Although there’s no hard and fast rule as to whether an individual working for your company is an employee or an independent contractor, the U.S. Internal Revenue Service (IRS) does provide some guidance on the issue.

Important Employment Factors

Two key factors that favor employment status are setting the work schedule and controlling how the work must be done by the person. For strip clubs, this meant club management telling the dancers when they had to perform and dictating what they could and couldn’t do when stripping/dancing.

What’s the potential damage by mislabeling employees?

If you treat your employees as independent contractors, you may be liable for back wages, statutory damages, penalties, employment taxes, plus contributions to workers compensation and unemployment compensation funds.

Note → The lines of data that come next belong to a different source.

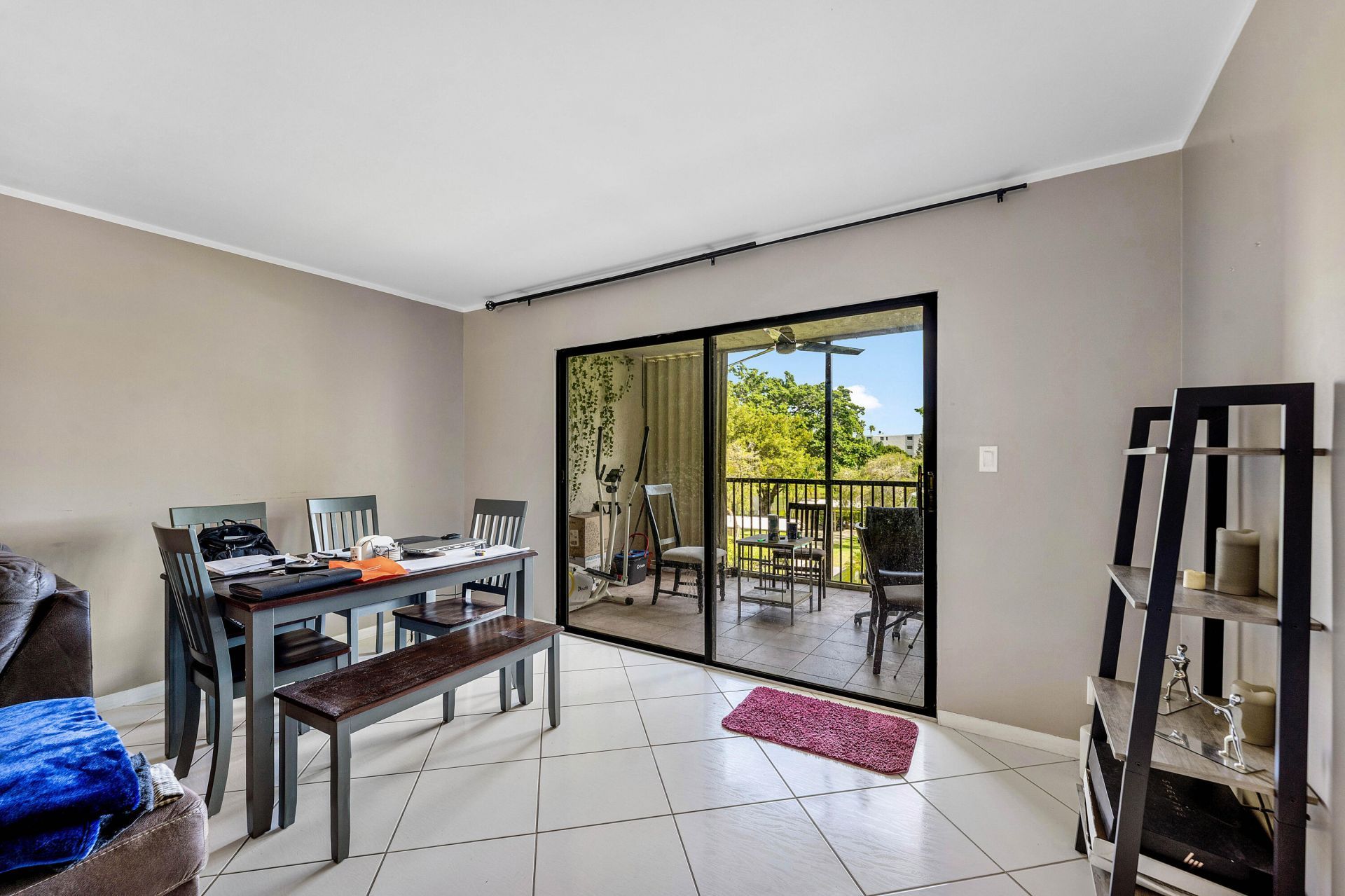 2205 S Cypress Bend Drive, Unit 302, Pompano Beach, FL 33069 Photo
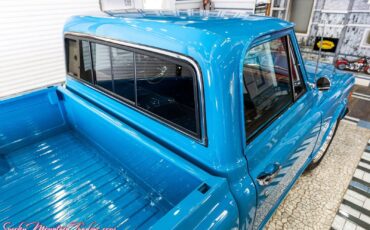 Chevrolet-C10-1968-22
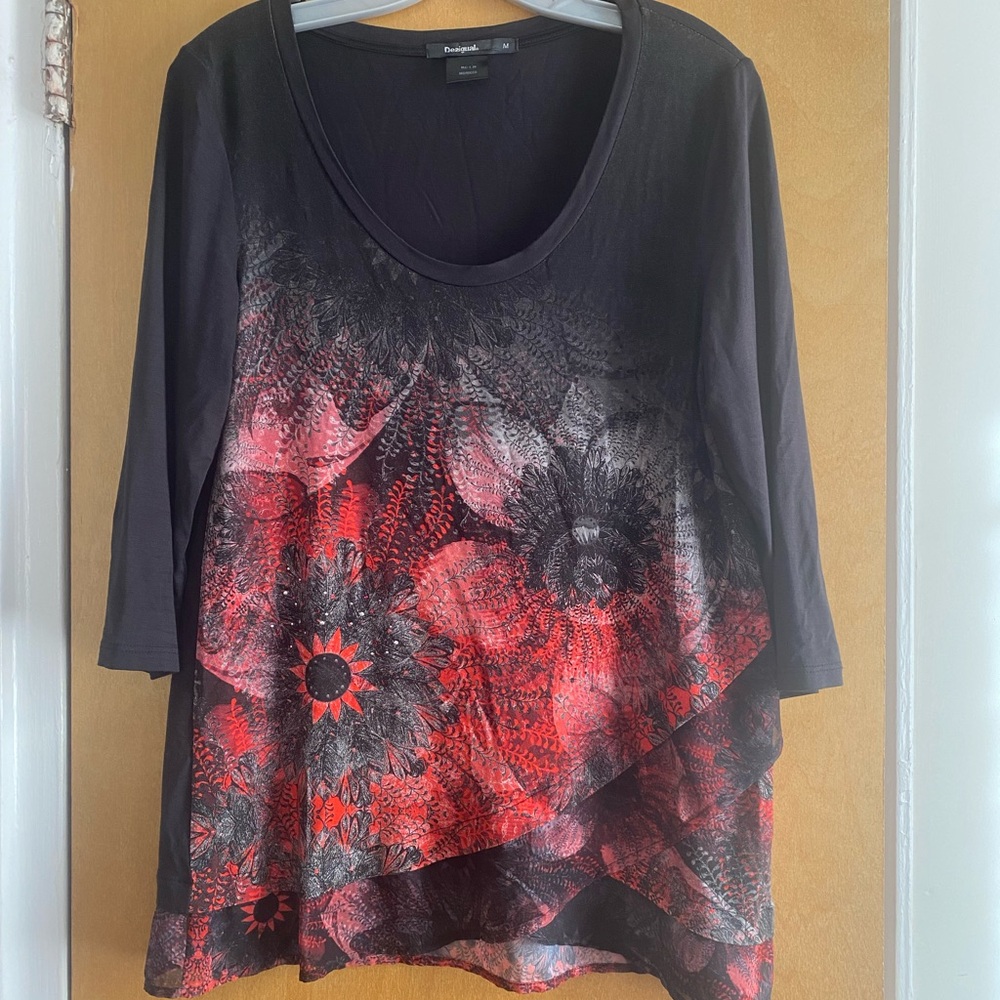 Desigual Blouse Tunic Black Red Floral Scoop Neck Tiered Layered Hem Medium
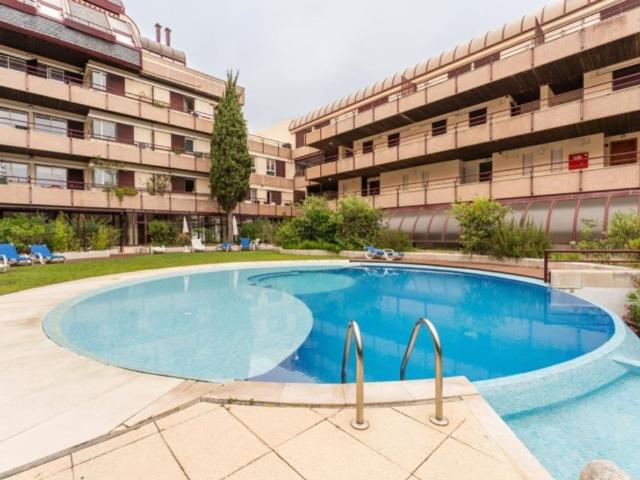 à venda Luxuoso apartamento de 73 m2, Cascais e Estoril, Portugal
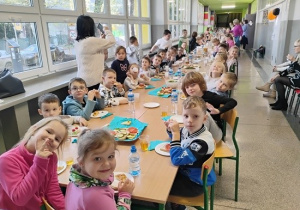 Wspólne zdrowe śniadanie w Szkole Podstawowej nr 170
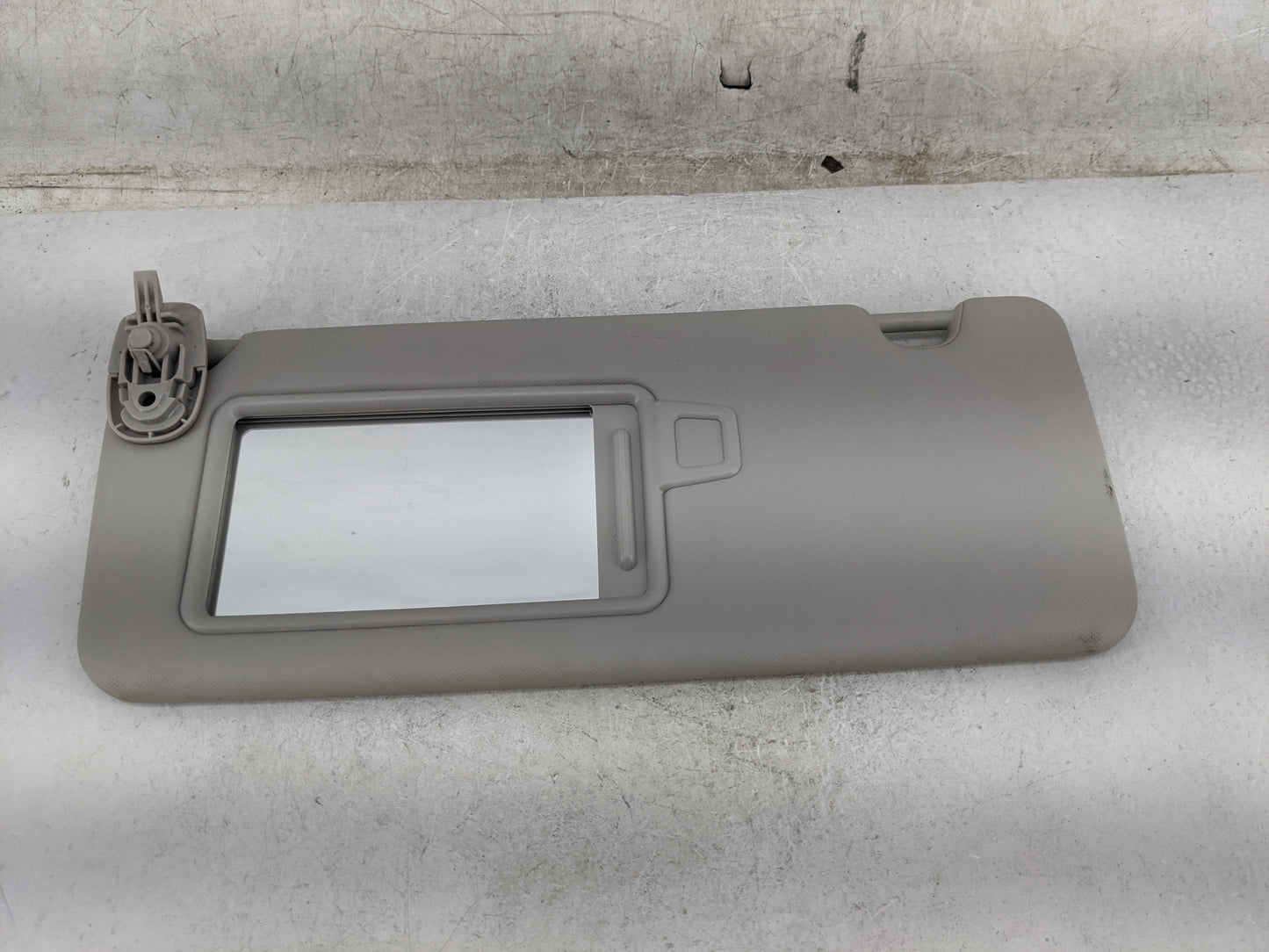 2022 Hyundai Tucson Sun Visor Shade Replacement Driver Left Mirror Fits OEM Used Auto Parts - Oemusedautoparts1.com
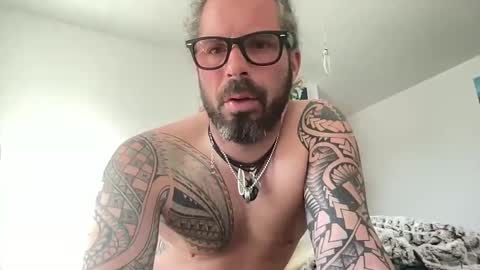 letmedoo2 online show from February 17, 8:19 am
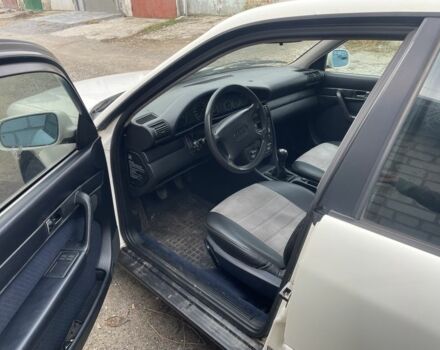 Белый Ауди А6, объемом двигателя 2 л и пробегом 300 тыс. км за 2600 $, фото 5 на Automoto.ua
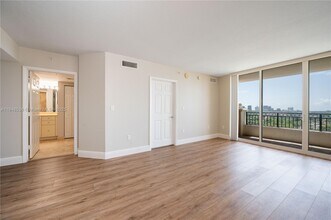 Building Photo - 3232 SW 22nd Terrace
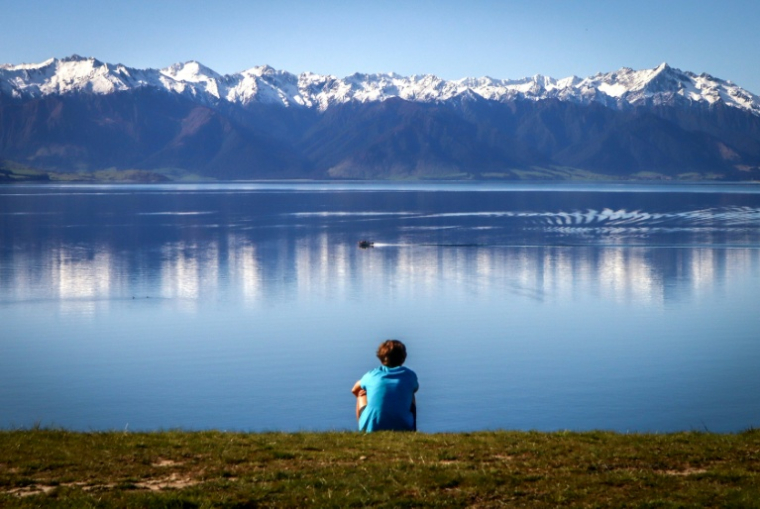 Le lac Hawea près de Queenstown en Nouvelle-Zélande le 19 octobre 2023 ( AFP / DAVID GRAY )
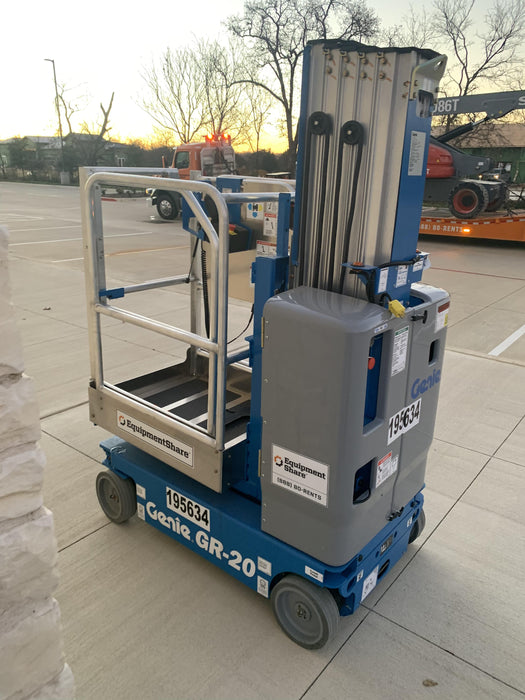 2021 GENIE GR-20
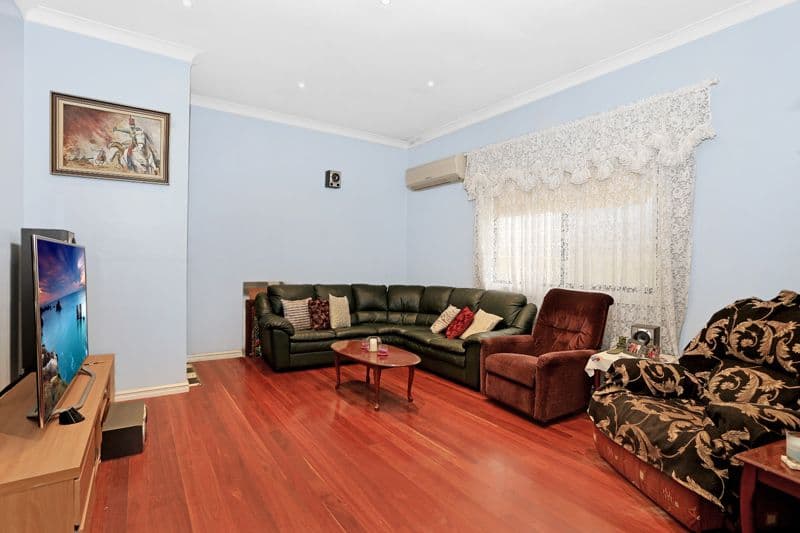 10 LUDGATE Street, ROSELANDS NSW 2196, Roselands - Thumbnail 4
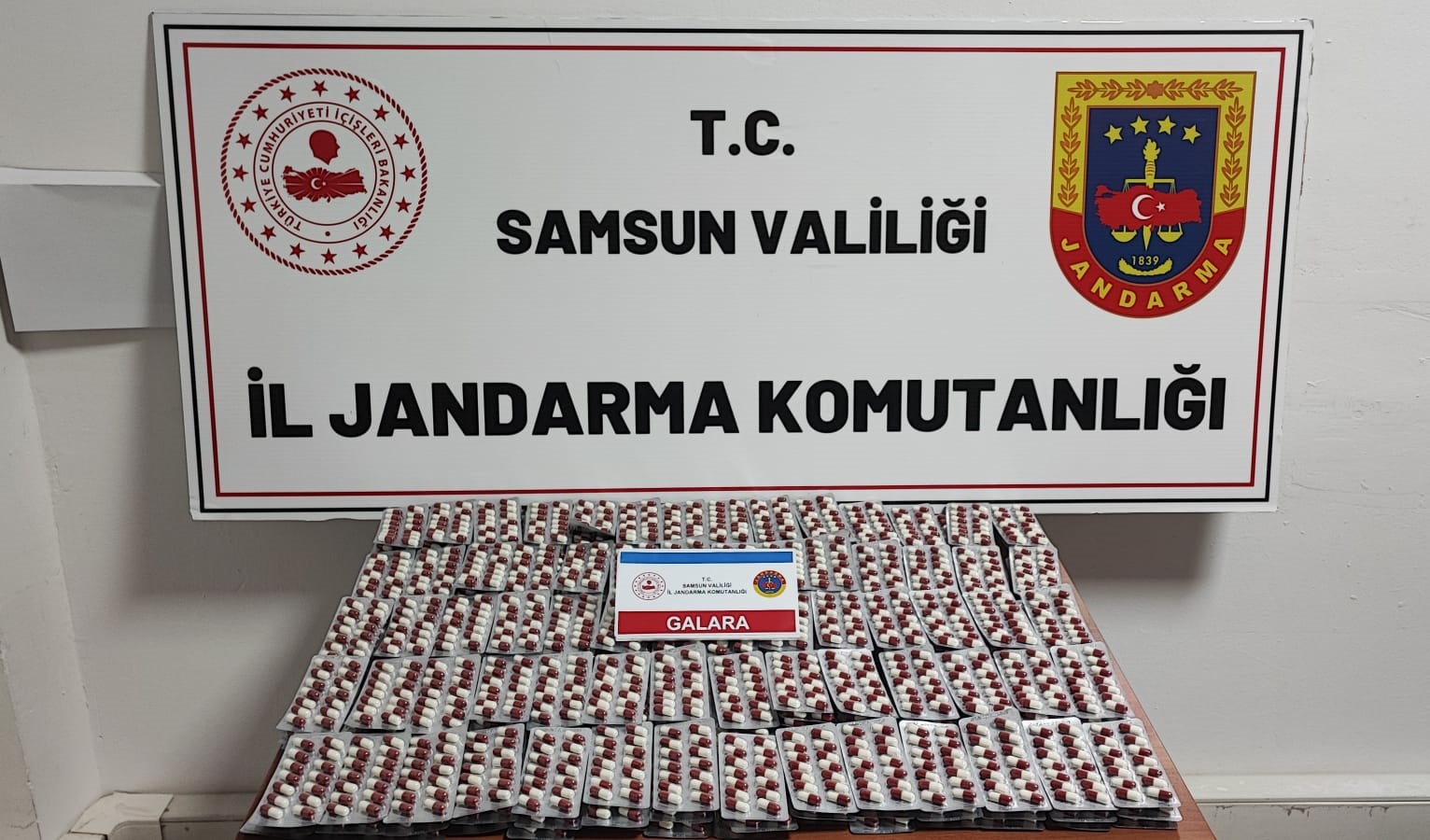 Samsun’da Jandarma Binlerce Adet Sentetik İlaç Buldu!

These misclassified employees may also be eligible for benefits you’ve provided to your other workers, such as 401k contributions, paid vacation, and health insurance.

How to this problem?

If your workers are really employees, treat them as such from the time you extend an offer to work for you. Pretending they’re independent contractors when they’re not creates a ticking time bomb of legal and tax liabilities you don’t want.

On the other hand, if a worker truly is an independent contractor, it’s often a good idea to make that relationship clear in a professionally prepared written independent contractor agreement signed by the parties. If the contractor decides to assert employment status, you’ve got a contract to point to when trying to convince a judge or government agency that the worker is not an employee.

IRS Form SS-8

If it’s truly unclear whether your workers are employees or independent contractors after consulting with an experienced business lawyer, you may wish to file a Form SS-8 “Determination of Worker Status for Purposes of Federal Employment Taxes and Income Tax Withholding” (PDF file) with the IRS for a determination as to the workers’ status.